EXERCISE OBJECTIVE:
Please write out exactly the line containing "Make Spinach with cashew nuts step 9" below and every line after it, through the last one, but leave out any pictures.

TASK MATERIAL:
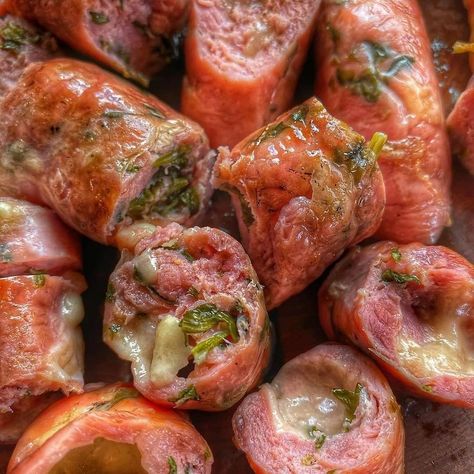 Cheddar Jalapeno Sausage Recipe, Sausage Recipe, Strange Flowers, Homemade Sausage, Sausage Recipes, Sausages, Cheddar, Steak, Healthy Recipes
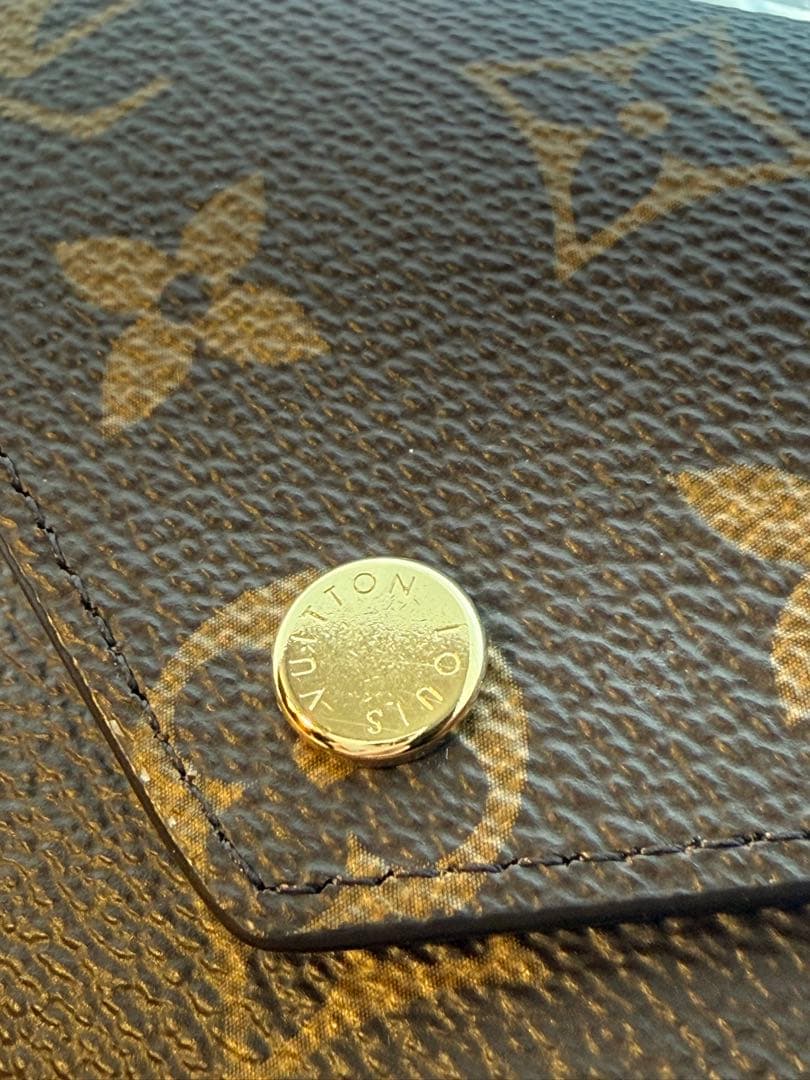 ルイ・ビトン ポルトフォイユ・ヴィクトリーヌ モノグラム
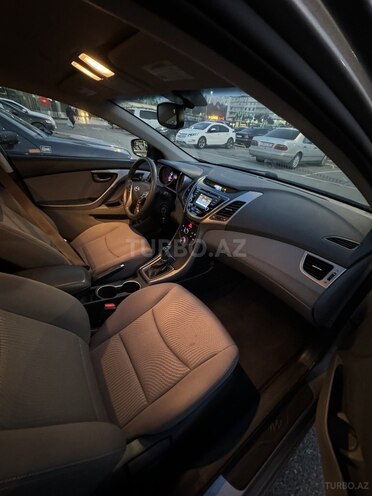 Hyundai Elantra 2015, 38,000 km - 1.8 l - Bakı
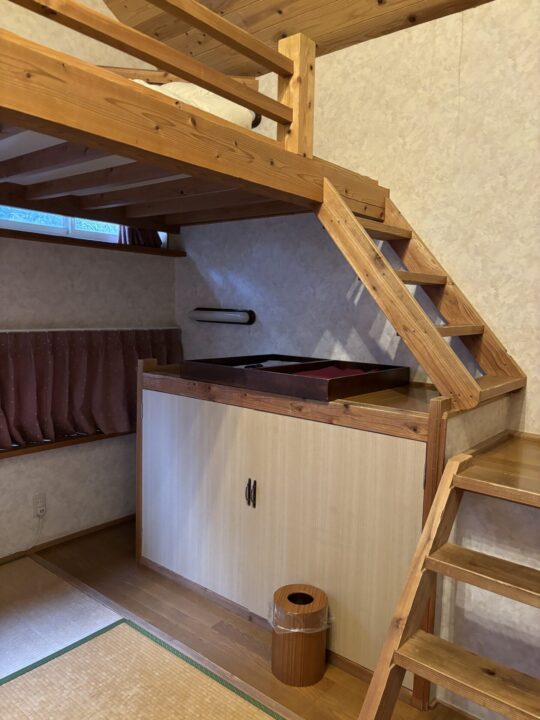 部屋の寝室にあったﾛﾌﾄ
子供が探検していた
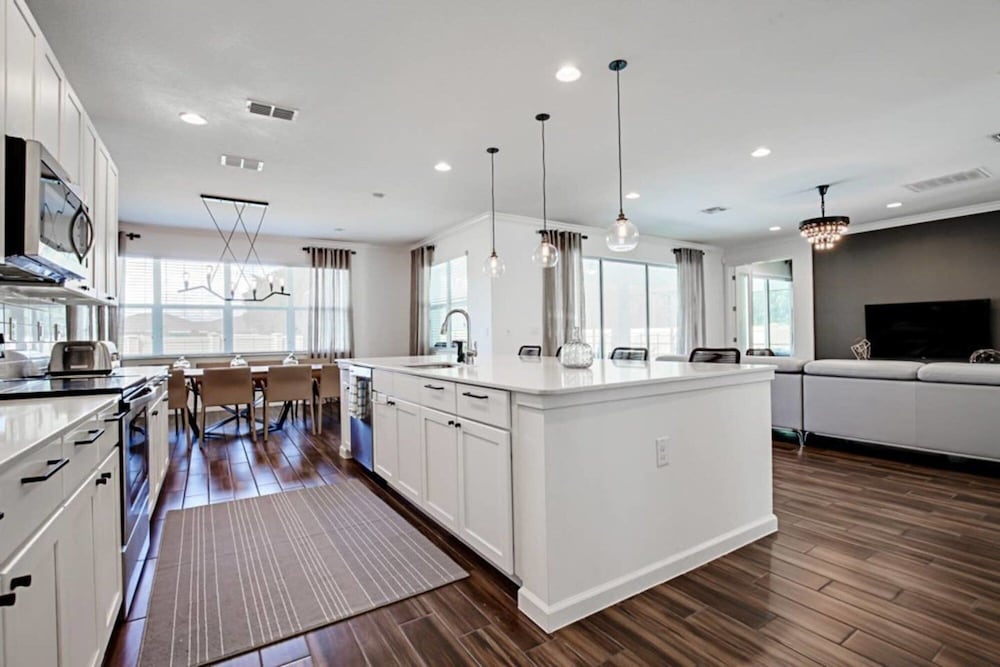 Comfortable and Modern Home With Private Pool Near Disney - Image 5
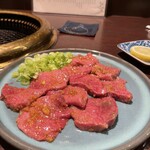 肉料理 安田 - “タンガーリック”2人前。薄くなく厚くなく、大きからず小さからず。食感はサクサク、トロッ、牛タンの味わいはしっかり。ガーリックと言うもののニンニクはあまり立ってないところも素晴らしいです。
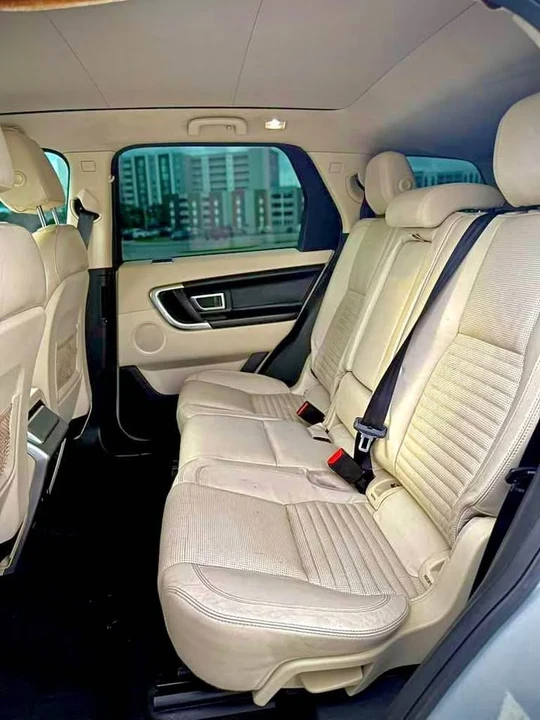2016 Land Rover Discovery 4th Gen - Image 10 of 15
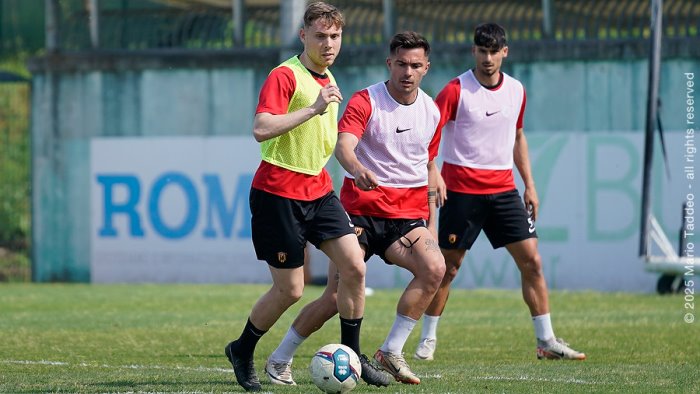 benevento prime prove anti juve le foto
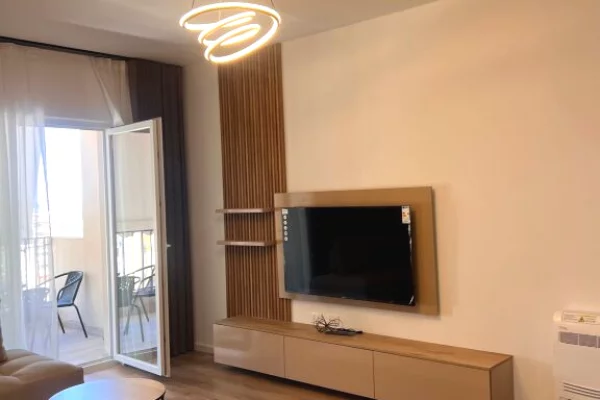 Shtepi me qera 2+1 ne Tirane - 65,000 Leke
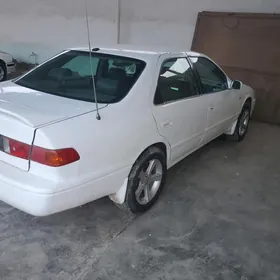 Toyota Camry 1999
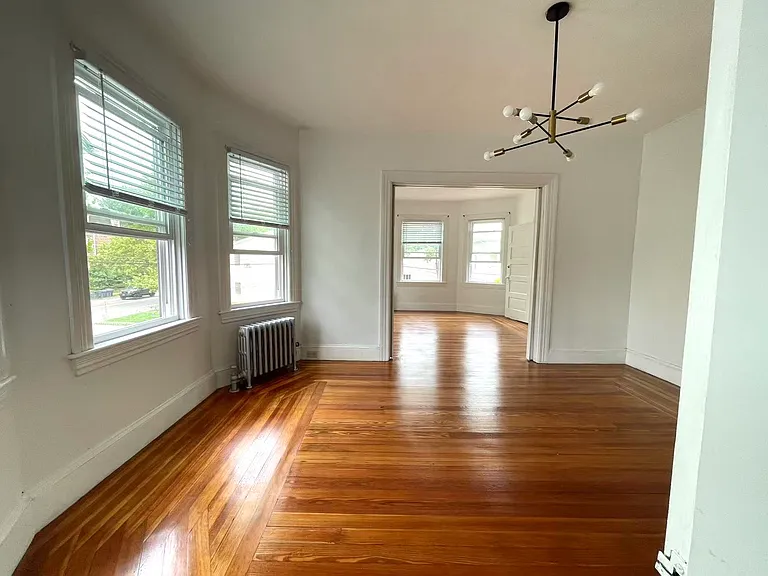 87 E Manning St #2 — Photo 10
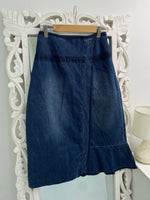 Load image into Gallery viewer, Denim Skirt-Waist 30
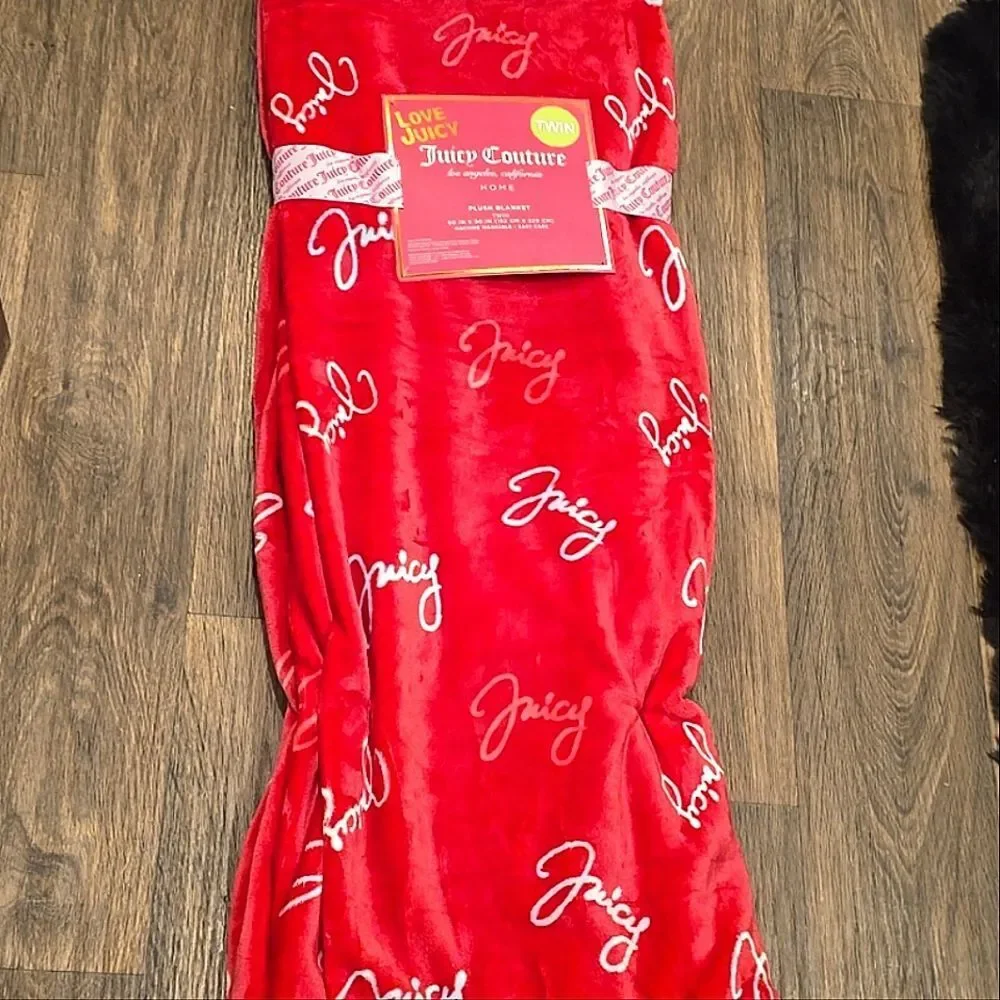 Juicy Couture Signature Logo Twin‎ Plush Throw Blanket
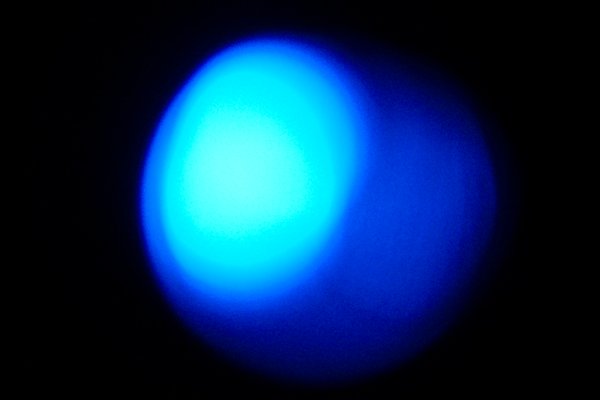 images_0blue_orb_of_light_by_nosman.jpg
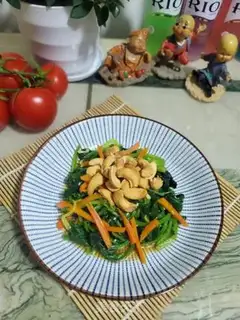 Make Spinach with cashew nuts step 9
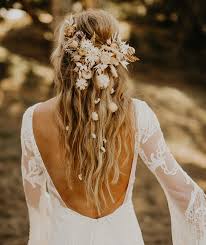 Use these professionally inspired crops as the best inspiration for your upcoming makeover. 12 New Ways To Wear Your Hair Down For The Wedding Dazzling Natural Hairstyles For The Modern Bride Praise Wedding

RESPONSE TO THE TASK:
 Make Spinach with cashew nuts step 9
 Use these professionally inspired crops as the best inspiration for your upcoming makeover. 12 New Ways To Wear Your Hair Down For The Wedding Dazzling Natural Hairstyles For The Modern Bride Praise Wedding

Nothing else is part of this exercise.